Proof: As sums of local martingales and FV processes are semimartingales, X is a semimartingale whenever it satisfies the decomposition (1). Furthermore, if ${X=M+A=M^\prime+A^\prime}$ were two such decompositions with ${A_0=A^\prime_0=0}$ then ${M-M^\prime=A^\prime-A}$ is both a local martingale and a continuous FV process. Therefore, ${A^\prime-A}$ is constant, so ${A=A^\prime}$ and ${M=M^\prime}$.

It just remains to prove the existence of decomposition (1). However, X is continuous and, hence, is locally square integrable. So, Lemmas 4 and 5 of the previous post say that we can decompose ${X=M+A}$ where M is a local martingale, A is an FV process and the quadratic covariation ${[M,A]}$ is a local martingale. As X is continuous we have ${\Delta M=-\Delta A}$ so that, by the properties of covariations,

 $\displaystyle -[M,A]_t=-\sum_{s\le t}\Delta M_s\Delta A_s=\sum_{s\le t}(\Delta A_s)^2.$ (2)

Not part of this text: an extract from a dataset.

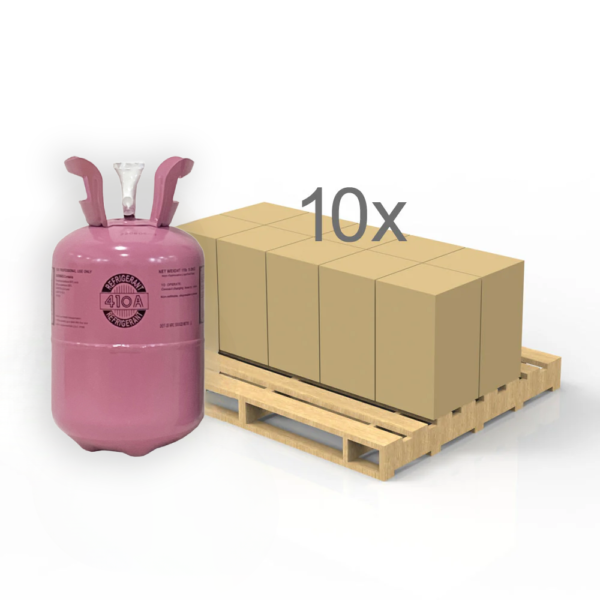 R410A 11 LBS Refrigerant - QTR PALLET (10 Cylinders)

We have shown that ${-[M,A]}$ is a nonnegative local martingale so, in particular, it is a supermartingale. This gives ${\mathbb{E}[-[M,A]_t]\le\mathbb{E}[-[M,A]_0]=0}$. Then (2) implies that ${\Delta A}$ is zero and, hence, A and ${M=X-A}$ are continuous. $\Box$

Using decomposition (1), it can be shown that a predictable process ${\xi}$ is X-integrable if and only if it is both M-integrable and A-integrable. Then, the integral with respect to X breaks down into the sum of the integrals with respect to M and A. This greatly simplifies the construction of the stochastic integral for continuous semimartingales. The integral with respect to the continuous FV process A is equivalent to Lebesgue-Stieltjes integration along sample paths, and it is possible to construct the integral with respect to the continuous local martingale M for the full set of M-integrable integrands using the Ito isometry. Many introductions to stochastic calculus focus on integration with respect to continuous semimartingales, which is made much easier because of these results.

Theorem 2 Let ${X=M+A}$ be the decomposition of the continuous semimartingale X into a continuous local martingale M and continuous FV process A. Then, a predictable process ${\xi}$ is X-integrable if and only if

 $\displaystyle \int_0^t\xi^2\,d[M]+\int_0^t\vert\xi\vert\,\vert dA\vert < \infty$ (3)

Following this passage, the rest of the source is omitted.